Task requirements ::
Only the line containing "Geoffrey Beene Black" and the lines after it, through the end of the data below, are to be returned, each exactly as it stands.

Data provided ::
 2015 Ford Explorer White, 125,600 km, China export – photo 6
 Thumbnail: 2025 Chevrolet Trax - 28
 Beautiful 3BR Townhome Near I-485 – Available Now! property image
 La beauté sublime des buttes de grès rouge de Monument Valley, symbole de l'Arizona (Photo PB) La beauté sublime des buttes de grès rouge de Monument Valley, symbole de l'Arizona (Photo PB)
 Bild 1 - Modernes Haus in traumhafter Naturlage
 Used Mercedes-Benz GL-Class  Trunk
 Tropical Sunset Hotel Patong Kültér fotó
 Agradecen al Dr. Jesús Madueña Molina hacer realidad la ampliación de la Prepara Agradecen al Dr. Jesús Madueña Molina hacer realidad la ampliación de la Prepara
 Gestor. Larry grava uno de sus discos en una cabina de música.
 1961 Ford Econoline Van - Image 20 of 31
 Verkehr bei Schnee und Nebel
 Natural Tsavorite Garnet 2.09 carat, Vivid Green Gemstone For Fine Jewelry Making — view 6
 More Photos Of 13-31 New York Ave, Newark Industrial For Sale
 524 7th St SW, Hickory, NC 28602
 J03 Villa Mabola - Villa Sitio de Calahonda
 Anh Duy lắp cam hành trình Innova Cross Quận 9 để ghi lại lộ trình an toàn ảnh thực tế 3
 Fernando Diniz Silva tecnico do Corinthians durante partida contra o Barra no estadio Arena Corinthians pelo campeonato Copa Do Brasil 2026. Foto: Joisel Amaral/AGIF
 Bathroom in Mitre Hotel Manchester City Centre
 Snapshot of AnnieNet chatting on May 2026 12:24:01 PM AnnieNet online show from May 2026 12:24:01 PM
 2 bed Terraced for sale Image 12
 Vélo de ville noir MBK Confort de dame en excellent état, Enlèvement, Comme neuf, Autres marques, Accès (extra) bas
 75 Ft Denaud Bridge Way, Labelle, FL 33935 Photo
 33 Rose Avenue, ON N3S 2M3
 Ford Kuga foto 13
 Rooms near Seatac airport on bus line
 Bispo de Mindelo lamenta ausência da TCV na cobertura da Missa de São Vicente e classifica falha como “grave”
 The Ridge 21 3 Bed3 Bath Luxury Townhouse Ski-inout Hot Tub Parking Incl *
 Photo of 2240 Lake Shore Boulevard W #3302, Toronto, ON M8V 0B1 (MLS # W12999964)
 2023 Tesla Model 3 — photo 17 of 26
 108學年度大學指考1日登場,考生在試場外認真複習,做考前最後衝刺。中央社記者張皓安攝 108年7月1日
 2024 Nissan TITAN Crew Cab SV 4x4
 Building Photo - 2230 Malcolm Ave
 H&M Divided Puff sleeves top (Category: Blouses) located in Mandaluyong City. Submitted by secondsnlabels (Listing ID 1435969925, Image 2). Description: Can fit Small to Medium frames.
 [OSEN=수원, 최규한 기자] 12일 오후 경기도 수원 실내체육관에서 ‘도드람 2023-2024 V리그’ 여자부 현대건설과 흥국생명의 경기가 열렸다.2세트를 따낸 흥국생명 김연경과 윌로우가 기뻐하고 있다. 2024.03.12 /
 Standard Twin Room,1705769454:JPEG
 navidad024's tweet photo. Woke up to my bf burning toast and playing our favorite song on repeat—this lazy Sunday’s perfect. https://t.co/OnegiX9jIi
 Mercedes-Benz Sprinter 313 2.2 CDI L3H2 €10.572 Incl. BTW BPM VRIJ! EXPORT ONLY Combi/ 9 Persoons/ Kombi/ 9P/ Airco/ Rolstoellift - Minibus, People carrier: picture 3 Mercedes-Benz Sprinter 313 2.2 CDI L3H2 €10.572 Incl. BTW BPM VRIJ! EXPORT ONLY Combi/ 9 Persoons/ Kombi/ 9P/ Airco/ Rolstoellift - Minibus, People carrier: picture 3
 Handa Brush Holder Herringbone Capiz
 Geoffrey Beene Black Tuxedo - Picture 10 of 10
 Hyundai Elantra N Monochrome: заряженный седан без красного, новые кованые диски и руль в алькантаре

Output below ::
 Geoffrey Beene Black Tuxedo - Picture 10 of 10
 Hyundai Elantra N Monochrome: заряженный седан без красного, новые кованые диски и руль в алькантаре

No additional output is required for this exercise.